When the Chicago Cubs won the 2016 World Series, even the sun paused in its trek across the sky to take note.

Solargraph secured at Four Winds Field on June 21.

Around the June solstice, four solargraphs overlooking Four Winds Field in South Bend, IN, started long-duration exposures of the sun. The site is home to the South Bend Cubs, the Chicago Cub's Class A minor league team. The Anniversary Solargraphs--pinhole cameras made from aluminum cans, photographic paper, and duct tape--were originally mounted above the center field ivy facing south to celebrate Indiana's bicentennial year.

Throughout the baseball season, sunlight "burned" into the photographic paper an image of sweeping solar arcs, descending daily from a peak near the summer solstice and getting lower and shorter with each passing day. Meanwhile the reflected light off the baseball environs slowly built up a fainter image of the foreground scene.

Alex Withorn removes solargraph from Four Winds Field in South Bend, IN

During the November 4 fan celebration at Four Winds Field, concurrent with the victory party in Chicago, account executive Alex Withorn and I retrieved one of the four solargraph cans.

In a dark room, I extricated the photographic paper from inside the can and scanned the resulting image with much anticipation. The resulting image clearly shows the arcing path traversed by the sun over four months.

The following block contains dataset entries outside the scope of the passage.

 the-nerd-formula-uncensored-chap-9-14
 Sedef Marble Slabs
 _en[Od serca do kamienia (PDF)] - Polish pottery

Original solargraph at Four Winds Field in South Bend, IN; June 21-Nov. 5

With the colors inverted to yield a bluish hue and the image flipped horizontally for the correct orientation, one can discern several features of Four Winds Field. Compare the blue solargraph image to the color photograph, below, of the same area taken June 21.

A solargraph captures the arcing path of the sun through the 2016 World Series, as seen from the ballpark of the South Bend Cubs.

The dark green stadium and grass reflect little light, so they appear dark in the solargraph. The name Four Winds Field on the distant rooftop emerges. Prominent behind the stadium on the left is Studebaker Building #84, on which another pair of solargraphs are still mounted. Tall light poles poke into the sky. The giant scoreboard with its curving top is also obvious on the far left of the solargraph.

And, of course, there's the sun, descending its way from the high arc of June solstice toward the low arc of the December solstice. The brightest of days in the image, toward the bottom of the solar swaths, correspond to the brightest days of the Chicago Cubs season--playoffs that extended into a successful run at the World Series Championship.

The World Series win by the Chicago Cubs merits a unique commemorative image. This solargraph overlooking Four Winds Field shows the sun coinciding with the Cubs victory. If only briefly, time--and the sun--stood still.